32% of people using drawdown to fund their retirement have no investment experience, yet 41% of these have not received either financial advice or guidance, according to new research from Zurich UK.
Around 430,000 people are taking advantage of new pension freedoms to draw down their retirement savings, yet the highest proportion have never actively invested in the stock market. Despite being first-time investors, tens of thousands have not sought regulated financial advice or guidance, even though they have an average drawdown pot of £153,000.
The study – the largest of its kind into consumer behaviour in drawdown – warns that a lack of advice and guidance could leave retirees at risk of running out of money in retirement. Poor decisions in drawdown can lead to consumers taking on too much risk, missing investment growth or making unsustainably high withdrawals.
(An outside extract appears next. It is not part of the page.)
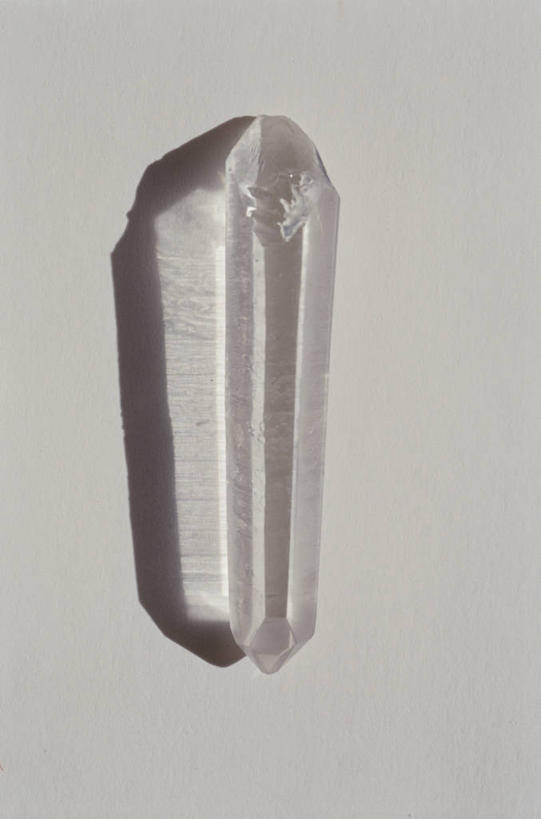 无人,竖图,室内,特写,白天,白色背景,正面,静物,阴影,透明,反射,影子,水晶,一个,摄影,影棚,单个,水晶制品,通透,彩图,影棚拍摄,拍摄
Women in particular were more likely to be first-time investors, potentially putting them at greater financial risk (41% vs 29%).
According to Zurich, the ‘first-time investor gap’ is being driven by a lack of consumer understanding of drawdown, with almost half of novice investors who had not received advice saying they thought drawdown would be simple (47%). A further third (29%) claimed they were confident in their investment decisions, despite having no previous experience of actively investing.
Alistair Wilson, pensions specialist at Zurich, said: “As double the number of people choose drawdown over annuities, Britons clearly favour the freedom and flexibility, but the issue is that many appear to be underestimating its complexity. In the build-up to retirement, many savers rely on pension firms to make investment decisions on their behalf, meaning many have no hands-on investment experience when they take control of their pot.
“For retirees not getting advice or guidance, there is a danger they could end up picking the wrong investments or taking money out of their pot too quickly. This is putting a worrying number of people at risk of running out of money in retirement.
“Understanding what can be done to encourage consumers to seek financial advice or guidance is crucial to helping retirees secure a decent, lifelong income. The Government should reconsider the case for introducing mandatory guidance for drawdown, requiring people not getting regulated financial advice to opt either in or out of receiving guidance before accessing their pension. We would also like to see the new Single Financial Guidance Body offer free drawdown MOTs to help consumers not getting advice check they are on track in drawdown.”
The research also found that 10% of UK adults not getting advice rely on search engines to help them navigate the complexities of drawdown, while 20% look at newspapers and magazines. Pension firms were the leading source of guidance for 35% of consumers, though 44% of all those in drawdown confessed there is nothing that would prompt them to get advice or guidance.
The findings from Zurich UK follow the FCA’s review last month that found drawdown sales are now twice that of annuity sales. The FCA also revealed some consumers are not fully engaging with the guidance available from pension providers, potentially putting themselves at risk of poorer outcomes.